Our salvation and sanity lies in recognizing and energizing our core consciousness, this True Self, what some might call Spirit, as the very essence of who we are, bringing it forth in healing and balanced relationship with our ego.  Now, no longer so blocked and distorted by a dysfunctional, frightened, and traumatized ego, our core Self, or Spirit, can radiate from our center of Being.  We can connect with the underlying nature of Spirit in all that is around us, even penetrating the distorted egos of our fellow humans to see and connect with them at the level of their true core and Spirit.  We are now no longer lost in our false sense of separateness, but rather restored to our sense of connection with all that is.  We are restored to our natural spiritual and mental health.  We are no longer afraid we are not enough or that the world is not enough for we now know we are an individual expressing and experiencing the One that is All. As the best way to defend against pathogens in the physical world is to strengthen the body’s immune system, so too, awareness is our psychological immune system warding off neurotic distortion, allowing us to experience the difficulties of life not as traumas but as challenges to our deeper Nature, which when met, strengthen us.   Our “spiritual” practice then is to engage the moment and the activity of the moment as if our full whole-hearted presence as awareness and our sincerity of action is the key to spiritual and mental health, for it is.  Our healthy spirit and primal intelligence can then be in creative and healthy relationship with our ego and the world, manifesting what in the East is called an enlightened being, which is, in truth, simply and naturally, a mentally and spiritually healthy human being.
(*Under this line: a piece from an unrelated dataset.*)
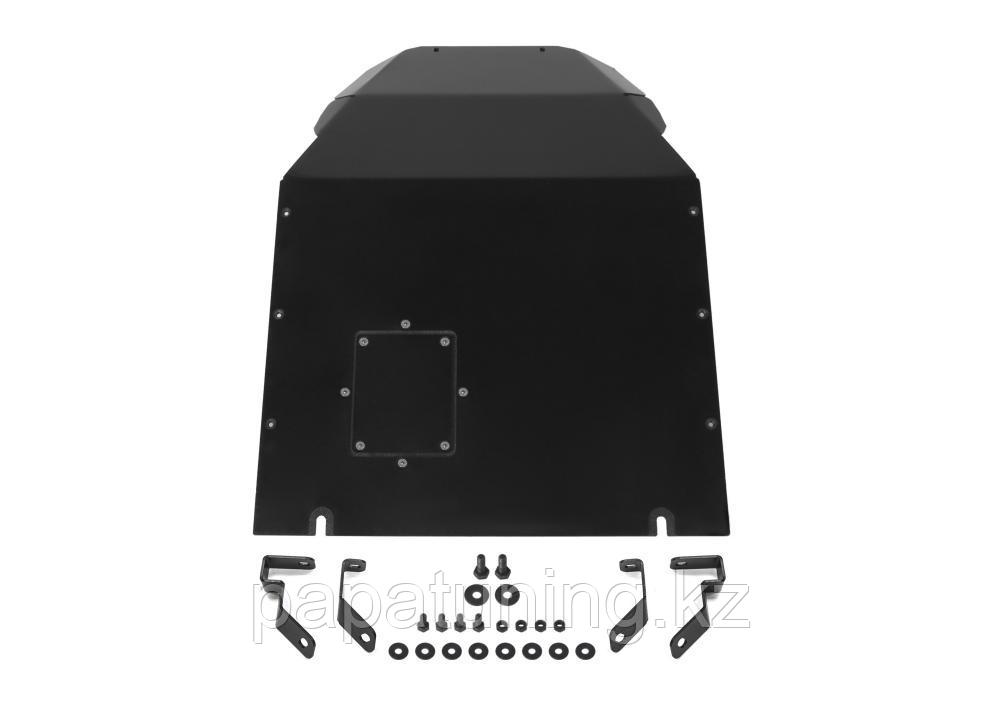 Защита центр PE Алюминий для снегохода RM Patrul 550, 551(2010-)Patrul 800 (2016-) 2010-, фото 1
Bill Walz has taught meditation and mindfulness in university and public forums, and is a private-practice meditation teacher and guide for individuals in mindfulness, personal growth and consciousness. He holds a weekly meditation class, Mondays, 7pm, at the Friends Meeting House, 227 Edgewood. By donation. Information on classes, talks, personal growth and healing instruction, or phone consultations at (828) 258-3241, e-mail at healing@billwalz.com.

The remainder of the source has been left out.